━━━━━ Information given
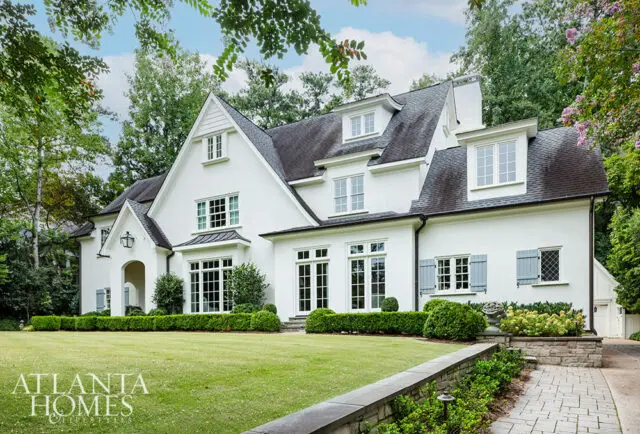 White stucco house with gray shutters, dormer windows, and manicured lawn.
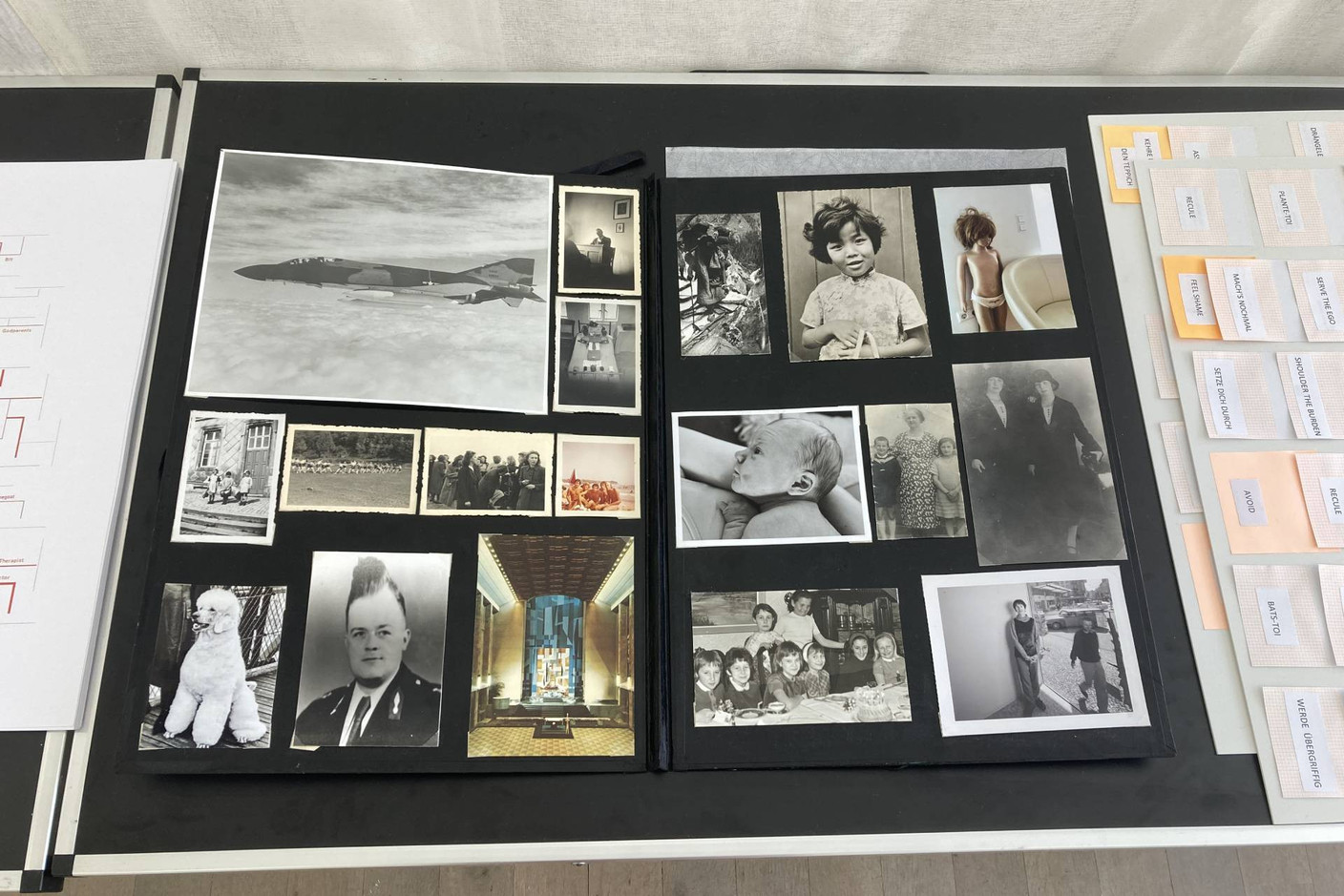 This game board is a collection of intriguing photos, presented as if in a family album.  Photo: Céline Coubray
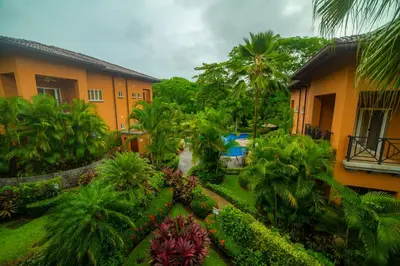 a garden in front of a building with palm trees at Veranda 3B 2 bdr Garden View in Los Suenos in Herradura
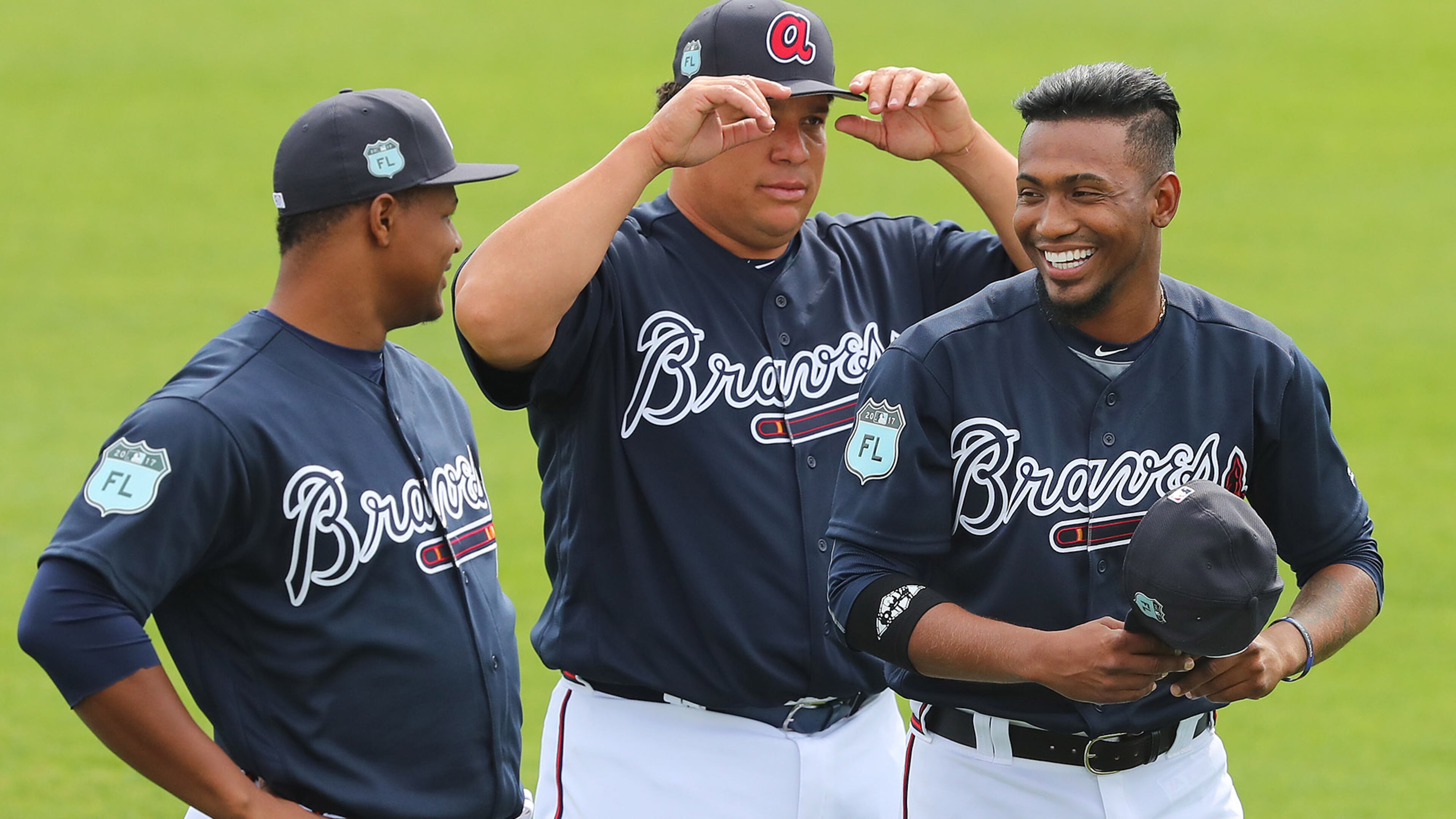 February 15, 2017, Lake Buena Vista, FL: Braves pitchers Mauricio Cabrera (from left), Bartolo Colon, and Julio Teheran share a laugh during their first spring training workout on Wednesday Feb. 15, 2017, at the ESPN Wide World of Sports in Lake Buena Vista. Curtis Compton/ccompton@ajc.com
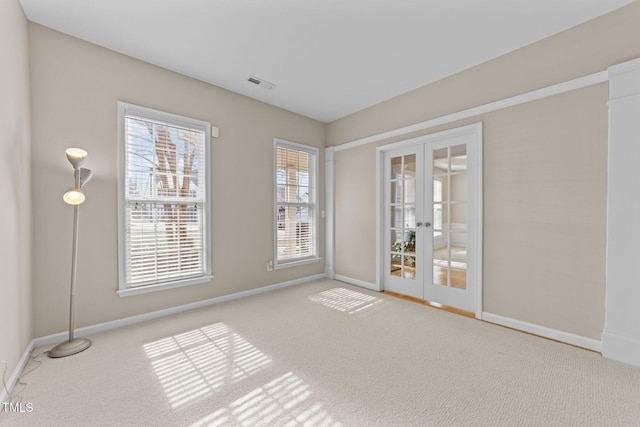 empty room featuring french doors and carpet floors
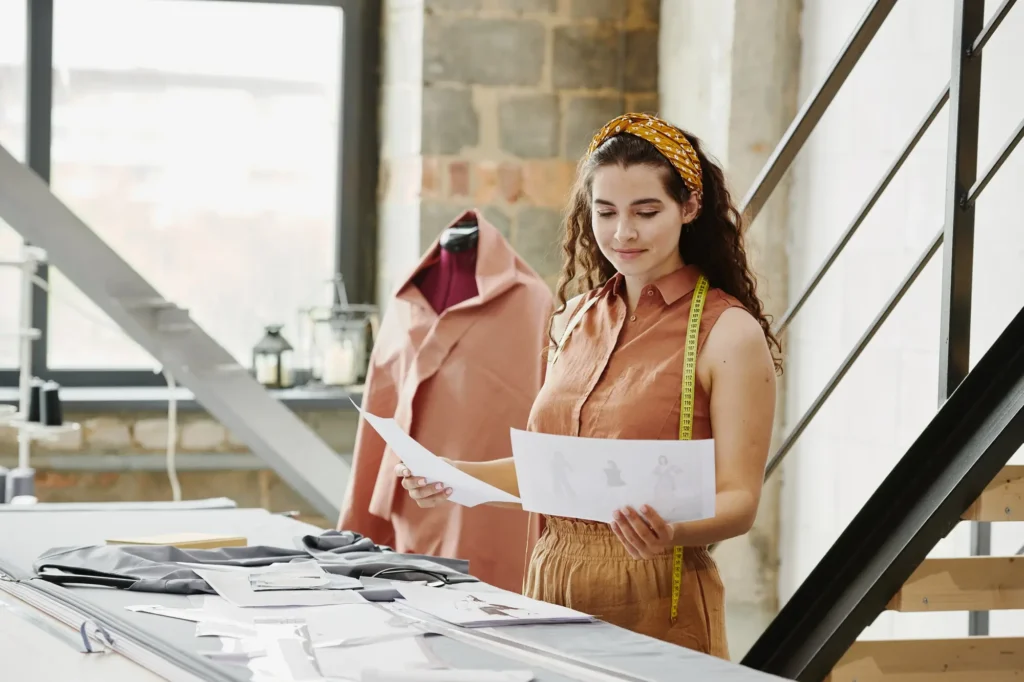 A fashion designer selecting the best pieces of clothing for a collection.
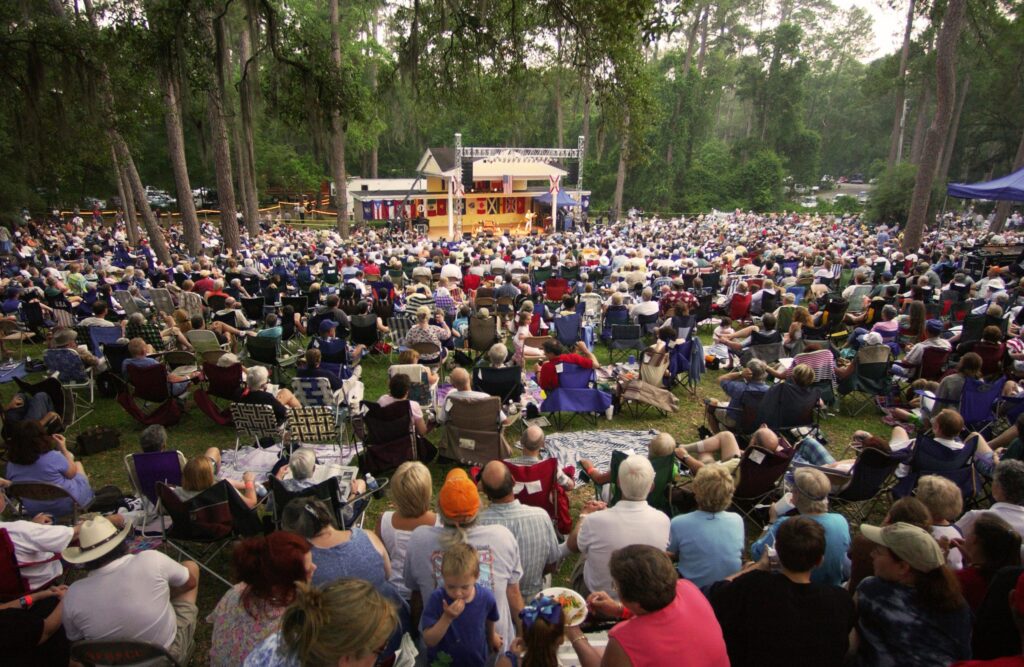 people sitting down on the grass listening to folk music in florida tallassahee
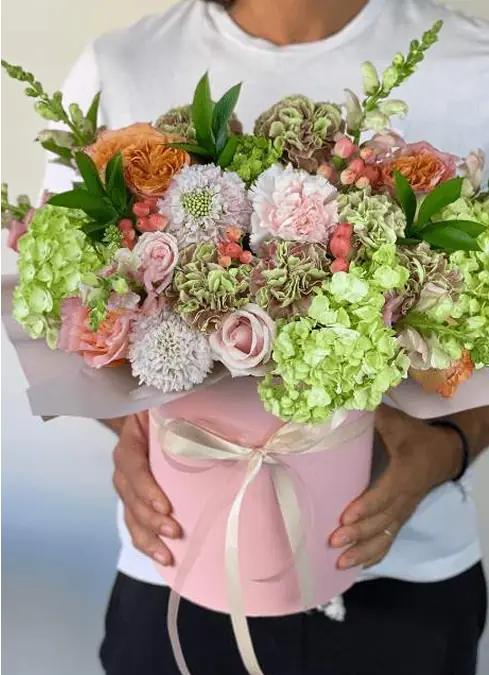 Bouquet of pink and green hydrangeas, roses and other flowers, packed in a pink box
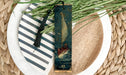 a close up of a plate with a bookmark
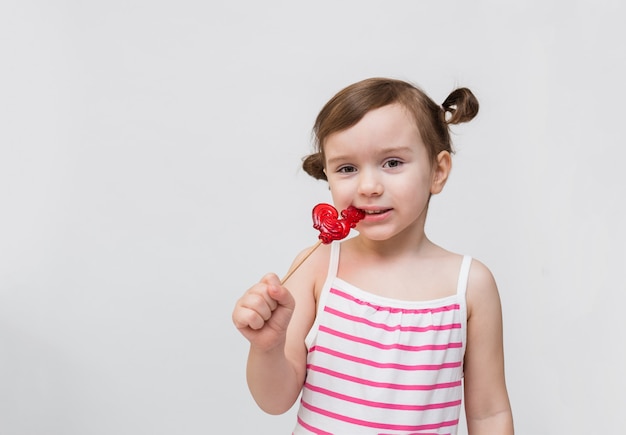 ロリポップの縞模様のドレスの少女。オンドリの形をした棒のロリポップ。子供のための甘い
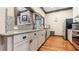 Modern kitchen featuring sleek countertops, stainless steel appliances, and ample storage, perfect for culinary enthusiasts at 347 Woodridge Pass, Canton, GA 30114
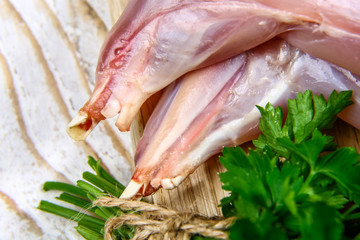 close up raw rabbit on a wooden background - top view. Concept of Dietary Nutrition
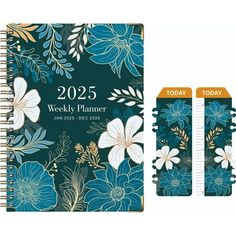 two notebooks with flowers on them next to each other, one is blue and the other has white flowers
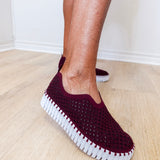 A woman wearing a maroon ilse Jacobsen flat against a white background.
━━━━━━━━━━
=== What the exercise asks ===
Only an exact copy of the entries, with no pictures, is expected as the answer.

=== Task answer ===
 White stucco house with gray shutters, dormer windows, and manicured lawn.
 This game board is a collection of intriguing photos, presented as if in a family album.  Photo: Céline Coubray
 a garden in front of a building with palm trees at Veranda 3B 2 bdr Garden View in Los Suenos in Herradura
 February 15, 2017, Lake Buena Vista, FL: Braves pitchers Mauricio Cabrera (from left), Bartolo Colon, and Julio Teheran share a laugh during their first spring training workout on Wednesday Feb. 15, 2017, at the ESPN Wide World of Sports in Lake Buena Vista. Curtis Compton/ccompton@ajc.com
 empty room featuring french doors and carpet floors
 A fashion designer selecting the best pieces of clothing for a collection.
 people sitting down on the grass listening to folk music in florida tallassahee
 Bouquet of pink and green hydrangeas, roses and other flowers, packed in a pink box
 a close up of a plate with a bookmark
 ロリポップの縞模様のドレスの少女。オンドリの形をした棒のロリポップ。子供のための甘い
 Modern kitchen featuring sleek countertops, stainless steel appliances, and ample storage, perfect for culinary enthusiasts at 347 Woodridge Pass, Canton, GA 30114
 close up raw rabbit on a wooden background - top view. Concept of Dietary Nutrition
 two notebooks with flowers on them next to each other, one is blue and the other has white flowers
 A woman wearing a maroon ilse Jacobsen flat against a white background.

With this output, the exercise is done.